YOUR TASK: With pictures left out, set down exactly the lines that begin at the one containing "Hit Miska miseczka" and end with the last line of the entries below.

::: EXTRACTED DATA

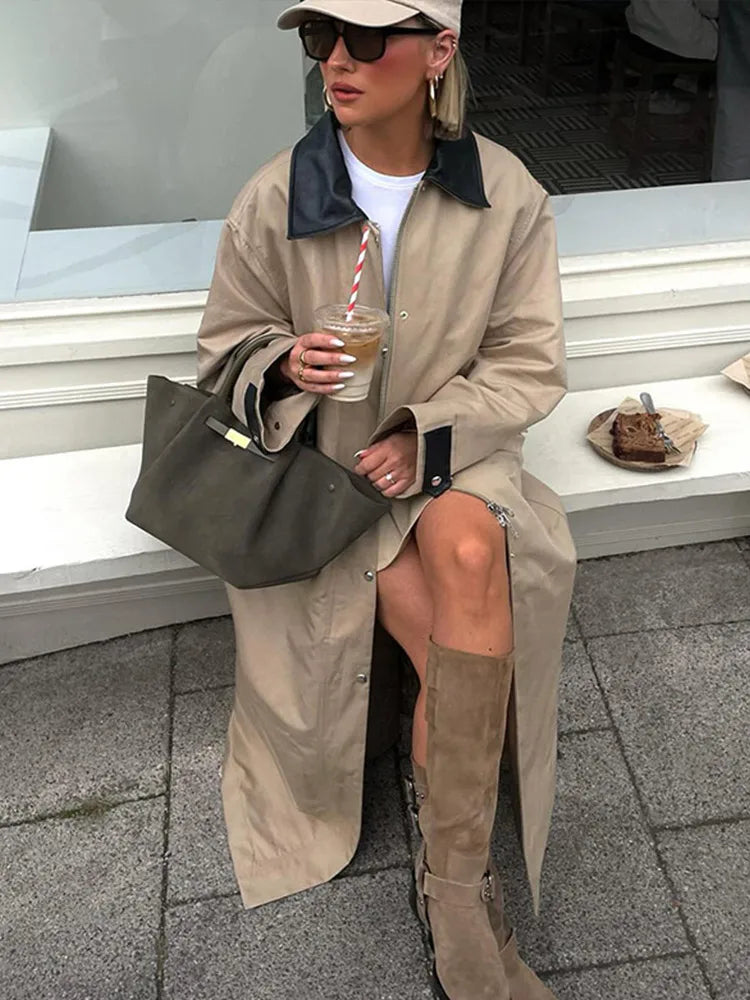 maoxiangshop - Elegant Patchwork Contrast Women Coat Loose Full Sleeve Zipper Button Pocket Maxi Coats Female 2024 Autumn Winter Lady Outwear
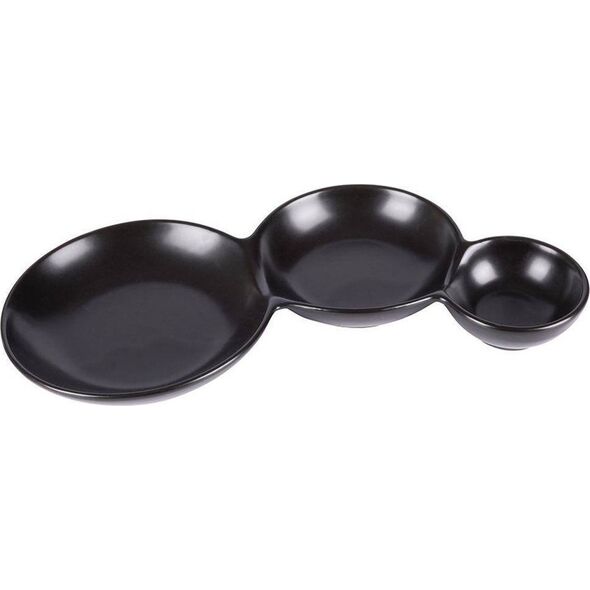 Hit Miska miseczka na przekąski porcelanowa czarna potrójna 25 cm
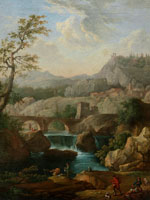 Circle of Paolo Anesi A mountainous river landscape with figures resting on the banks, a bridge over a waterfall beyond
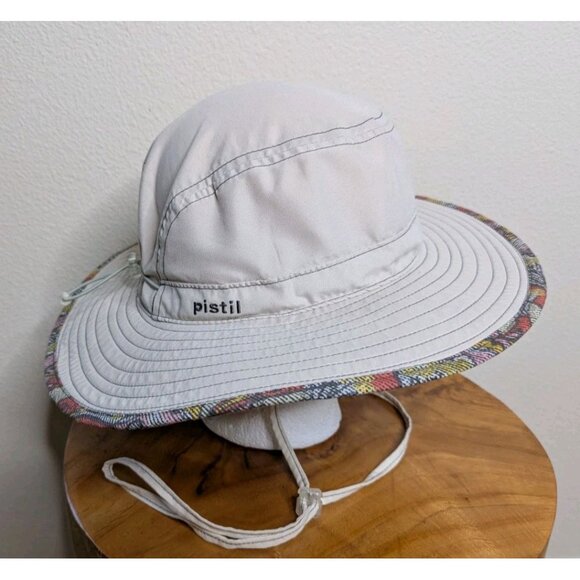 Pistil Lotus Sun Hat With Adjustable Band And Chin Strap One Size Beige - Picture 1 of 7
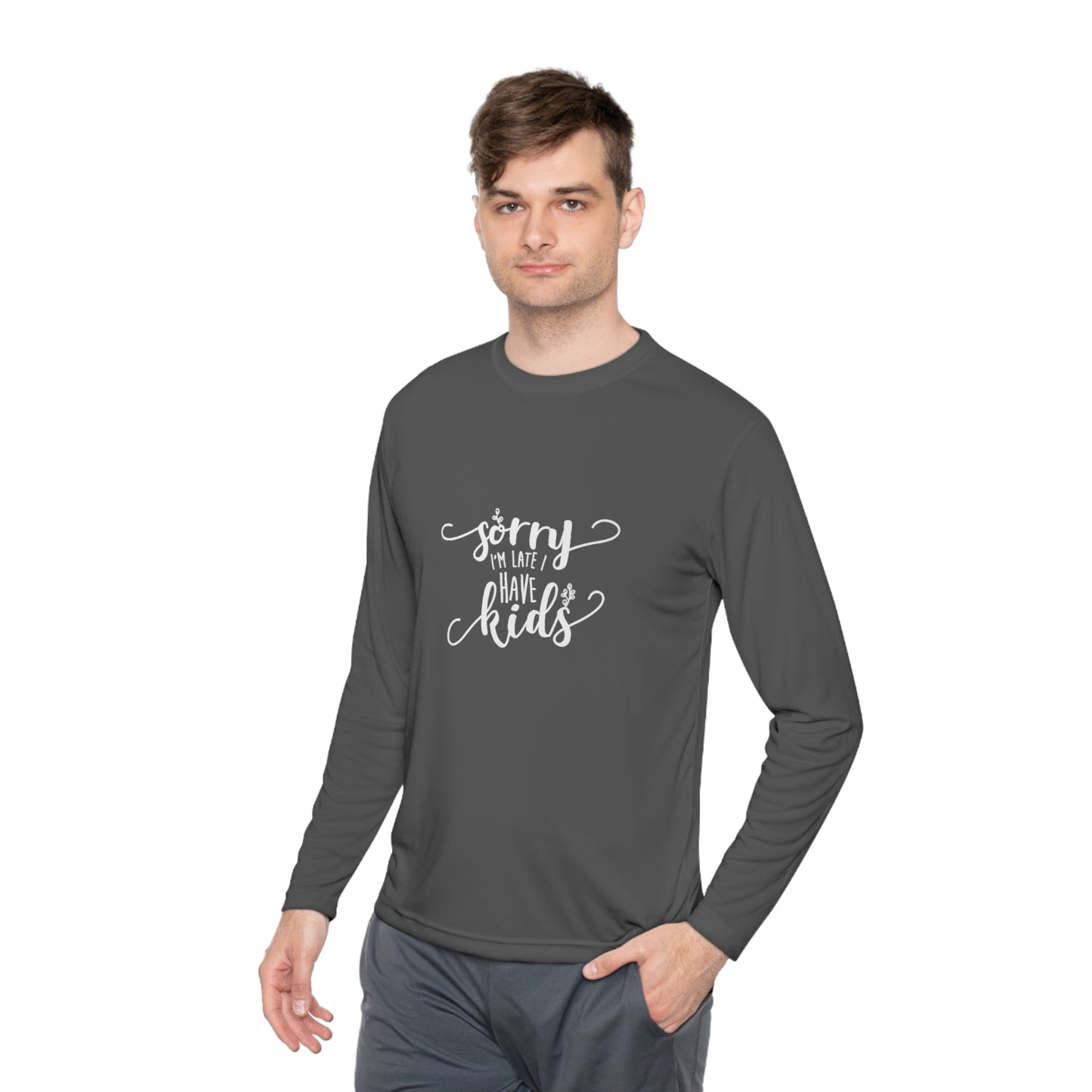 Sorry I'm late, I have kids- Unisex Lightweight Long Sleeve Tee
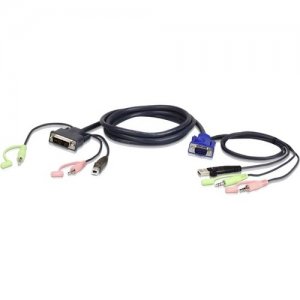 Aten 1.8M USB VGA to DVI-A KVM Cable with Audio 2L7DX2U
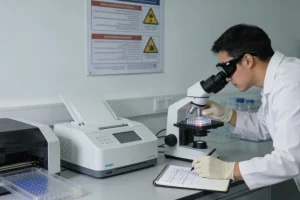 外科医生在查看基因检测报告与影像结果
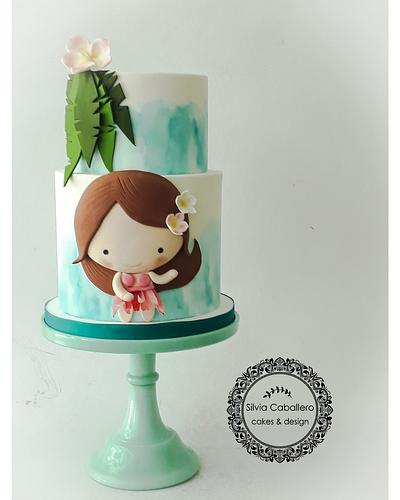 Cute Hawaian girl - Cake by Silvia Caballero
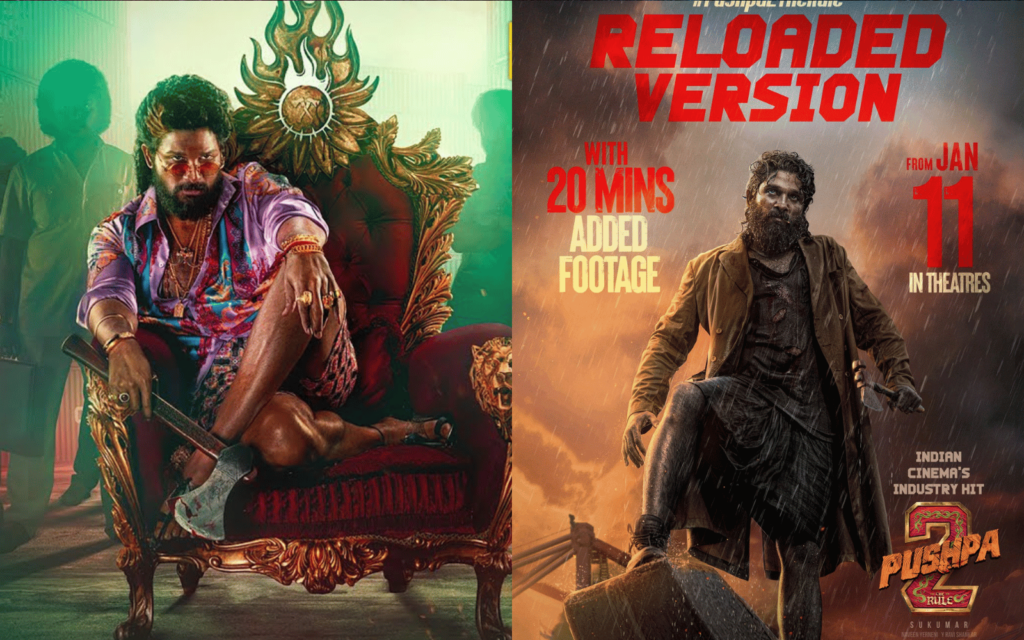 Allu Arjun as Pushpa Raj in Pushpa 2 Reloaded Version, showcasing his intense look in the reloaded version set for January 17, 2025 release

::::::

RESULT FOR THIS TASK:
 Hit Miska miseczka na przekąski porcelanowa czarna potrójna 25 cm
 Circle of Paolo Anesi A mountainous river landscape with figures resting on the banks, a bridge over a waterfall beyond
 Pistil Lotus Sun Hat With Adjustable Band And Chin Strap One Size Beige - Picture 1 of 7
 Sorry I'm late, I have kids- Unisex Lightweight Long Sleeve Tee
 Aten 1.8M USB VGA to DVI-A KVM Cable with Audio 2L7DX2U
 外科医生在查看基因检测报告与影像结果
 Cute Hawaian girl - Cake by Silvia Caballero
 Allu Arjun as Pushpa Raj in Pushpa 2 Reloaded Version, showcasing his intense look in the reloaded version set for January 17, 2025 release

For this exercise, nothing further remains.